Aim of the exercise
The copy should hold only the line containing "Hawaiian natives wearing" and the lines after it through the end of the material, each exact, with no pictures.

START Dataset section

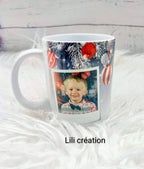 Mug de Noël personnalisé à 2 photos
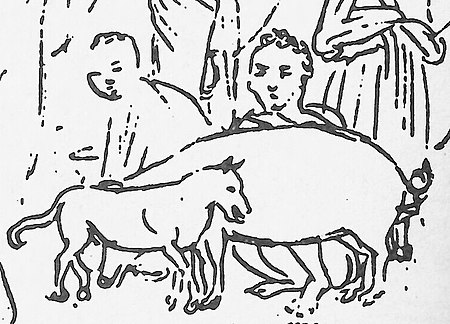 Hawaiian natives wearing kihei, with animals, sketch by Louis Choris (crop, central dog).jpg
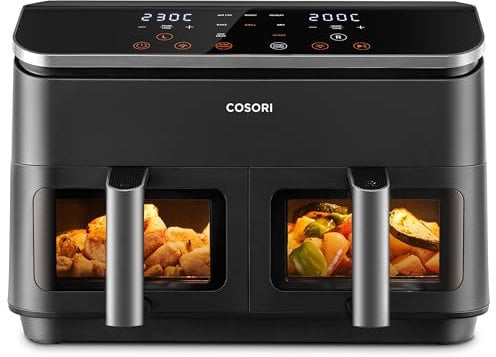 COSORI Friggitrice ad Aria Doppio Cestello Digitale, 8,5L Grande Capacità, Funzione 8 in 1, 35-230°C, Finestra,con Ricette Online, CAF-R901, Nero Profondo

END Dataset section

Reply
 Hawaiian natives wearing kihei, with animals, sketch by Louis Choris (crop, central dog).jpg
 COSORI Friggitrice ad Aria Doppio Cestello Digitale, 8,5L Grande Capacità, Funzione 8 in 1, 35-230°C, Finestra,con Ricette Online, CAF-R901, Nero Profondo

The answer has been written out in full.